How to Move to Spain

Comprehensive Guide on moving to Spain

Spain, with its rich cultural heritage and diverse landscapes, has become an appealing destination for expatriates worldwide. If you’re considering making Spain your new home, this guide will navigate you through the process.

Moving to Spain as a US citizen involves different visa options depending on your purpose of stay. Here are some key points:

Visa Requirements:

Short Stay (Less than 90 days): US citizens can visit Spain for tourism, study, or business without a visa until the end of 2022. From early 2024, a visa waiver called ETIAS will be required, valid for 3 years or until passport expiration.
Long Stay (More than 90 days): Various visa options include:
Permanent Residency Visa: Allows living and working in Spain, leading to Spanish citizenship after 10 years.
Family Reunification Visa: For those with family members in Spain.
Work Visa: Obtained through a job offer in Spain.
Highly Skilled Visa: For skilled professionals, valid for 2 years and renewable.
Self-Employment Visa: For small business owners or freelancers.

Practical Tips:

Planning Ahead: Plan early and seek professional help for a smooth relocation process.

Financial Considerations:

Investment: Golden Visa requires investing €500,000 in Spain’s economy for residency.
Banking: Set up a bank account and compare exchange rates when converting funds to euros.
Healthcare: Register for public healthcare if working in Spain; consider private insurance for additional coverage.

Additional Information:

– Popular Destinations: Madrid, Barcelona, Valencia are recommended places to live in Spain as an American.
– Moving Logistics: Budget for visa preparation costs, travel expenses, and moving costs when relocating to Spain.

Moving to Spain offers a blend of rich culture, beautiful landscapes, and a Mediterranean lifestyle attracting many expats. Ensure to research visa requirements thoroughly and plan your move effectively.

Who Can Move to Spain?

EU/EEA and Swiss Citizens

Citizens of the EU, EEA, or Switzerland enjoy free movement within Spain for up to three months. Beyond that, registration is required.

Non-EU/EEA/Swiss Citizens

Non-EU citizens must follow a structured process for extended stays, obtaining a long-stay visa and residence permit corresponding to their purpose.

Moving to Spain as an EU Citizen

EU citizens can:

  • Work and study without an entry visa.
  • Move freely but must register within three months of arrival.

Moving to Spain as a Non-EU Citizen

Non-EU citizens need a long-stay visa and permit for:

  • Work: Various visas available, prioritizing skilled workers.
  • Study: Requires enrollment and a student visa, with a Foreigner Identity Card for stays over six months.
  • Family Reunification: Joining a family member necessitates a family reunification visa.
  • Retirement: Options like the Golden Visa or Non-Lucrative Visa cater to retirees.

Advantages of Moving to Spain

Pros:

  • Healthcare: High-quality universal coverage.
  • Work Opportunities: Wide range of job options.
  • Living Costs: Generally affordable.
  • Diversity: Welcoming to foreigners.
  • Free Movement: Within the EU’s Schengen Area.
  • Safety: Relatively low crime rate.

Cons:

  • Bureaucracy: Can involve significant paperwork.
  • Extreme Heat: Summers can be challenging.
  • Language Barrier: Basic Spanish advisable.

Don’t navigate immigration alone.

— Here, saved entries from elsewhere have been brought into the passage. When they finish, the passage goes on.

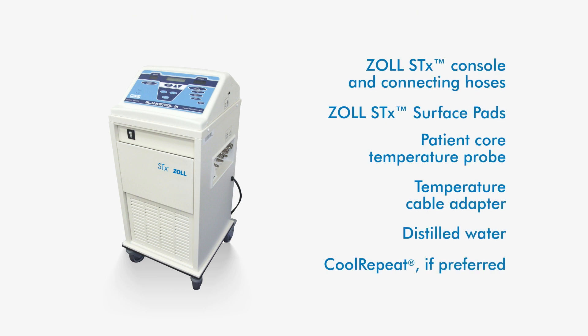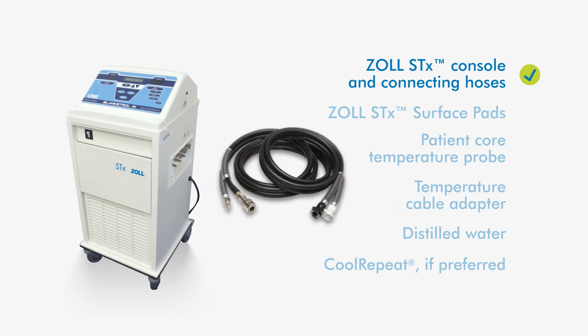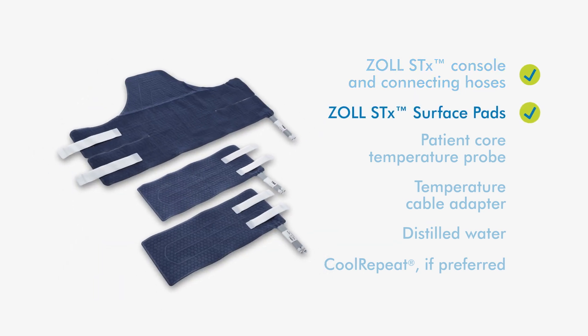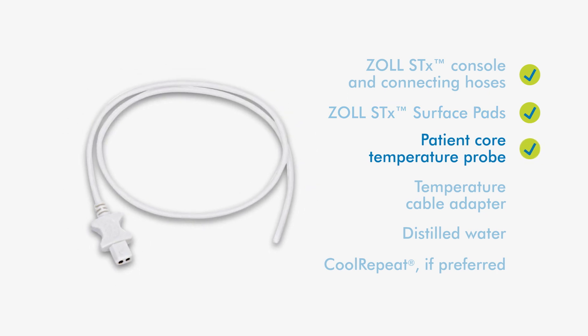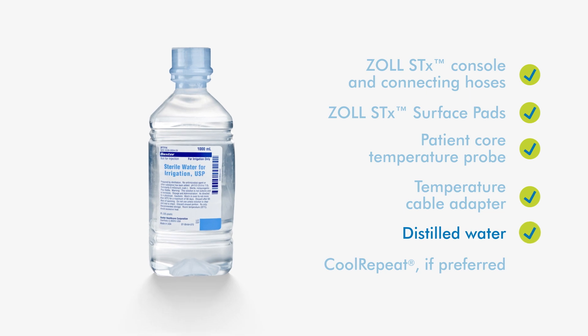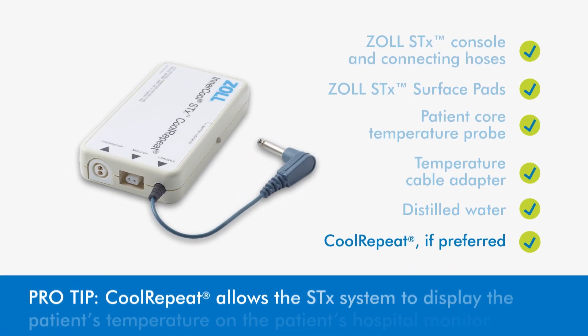To begin, ensure you have the following equipment: Zoll STX console and connecting hoses, Zoll STX surface pads, patient core temperature probe, temperature cable adapter, distilled water, and cool repeat if preferred.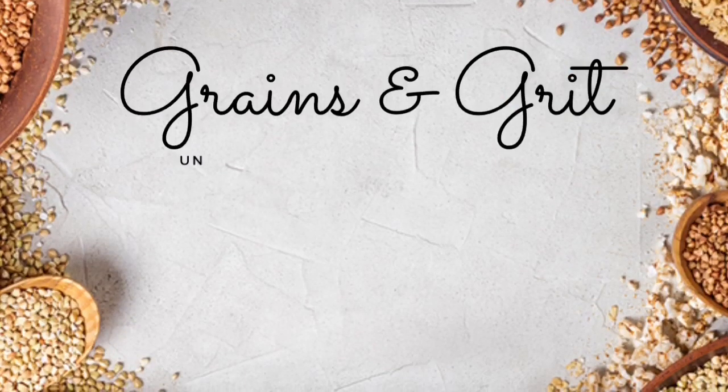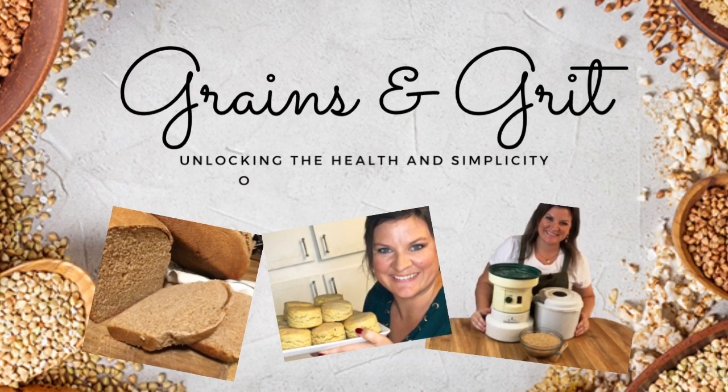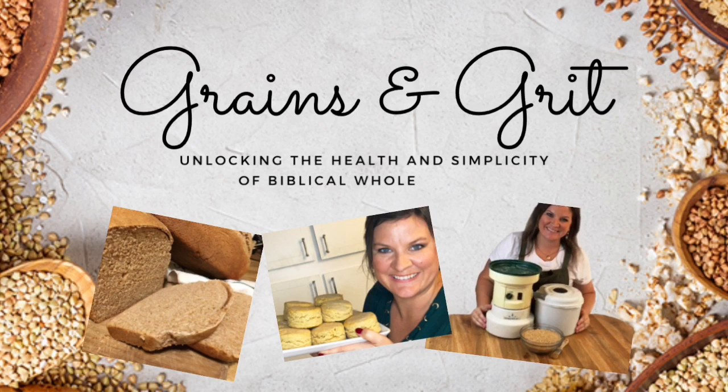To sprout or not to sprout? That is the question. Hey y'all, welcome back to Grains and Grit.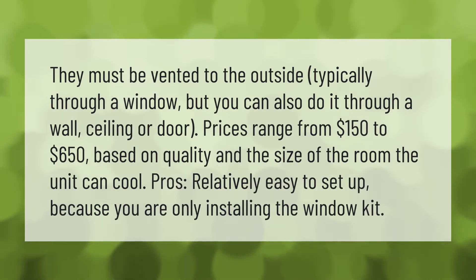They must be vented to the outside, typically through a window, but you can also do it through a wall, ceiling, or door. Prices range from $150 to $650 based on quality and the size of the room the unit can cool. Pros: relatively easy to set up because you are only installing the window kit.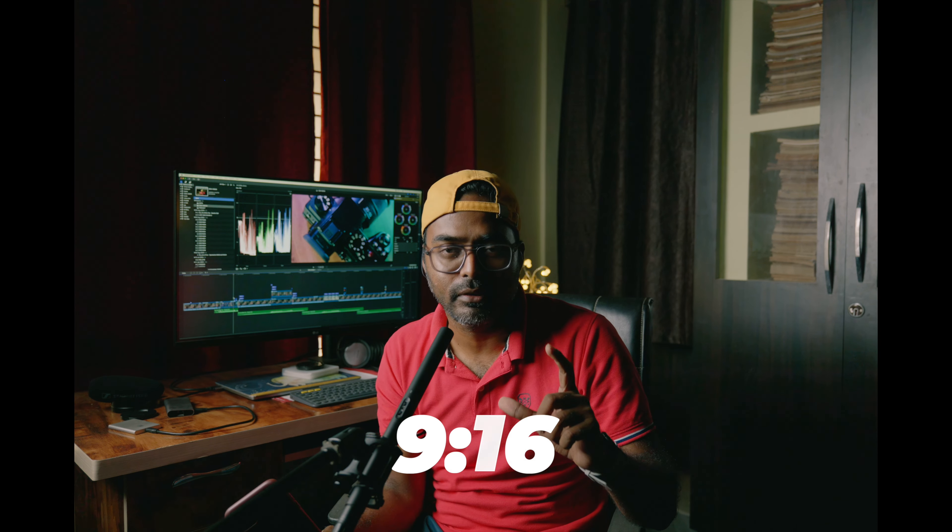I am a big social media content creator — I am a documentary filmmaker — but I am also going to post on Instagram Reels, YouTube, etc. So usually, I am going to shoot in the 9x16 format.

Connect with trusted professionals for expert guidance and support.

Permanent Residency and Citizenship

  • Permanent Residency: Usually after five years, with some exceptions.
  • Citizenship: After ten years of legal residence, with other paths available.
  • Dual Citizenship: Not allowed; previous citizenship must be renounced.

What are the requirements for obtaining a Long-Stay Visa in Spain

 

To obtain a long-stay visa in Spain, you must complete the following steps and fulfill certain requirements:

1. Choose the appropriate visa type based on your reason for staying in Spain (student visa, work visa, retirement visa, investor visa, self-employed visa, etc.).
2. Gather the necessary documentation, including:
– Completed Spain visa application form
– Passport photographs (with white background)
– Valid passport (minimum validity of the duration of the stay plus two blank pages)
– Copies of previous passports and visas
– Documentation proving the purpose of your stay (such as a letter of acceptance from a Spanish university, employment contract, or investment confirmation)
– Proof of financial means (bank statements showing sufficient funds)
– Private health insurance policy (if not covered under the Spanish National Health System)
– Criminal record certificate (issued in the past three months)
– Documents confirming your current address and residence status in your home country (if applicable)
– Other relevant documents depending on the visa type (authorization for work and residence, employment contracts, etc.)
3. Schedule an appointment at the nearest Spanish consulate or visa application center.
4. Attend the scheduled interview, presenting all original documents and answering questions about your intentions in Spain.
5. Pay the visa fee.

Keep in mind that the exact requirements might vary slightly depending on the specific visa type you are applying for. Always double-check the latest guidelines provided by the Spanish Ministry of Foreign Affairs or the respective consulate.

Moving to Spain With Pets

Pets must be at least 12 weeks and 21 days old.

You cannot bring more than five pets.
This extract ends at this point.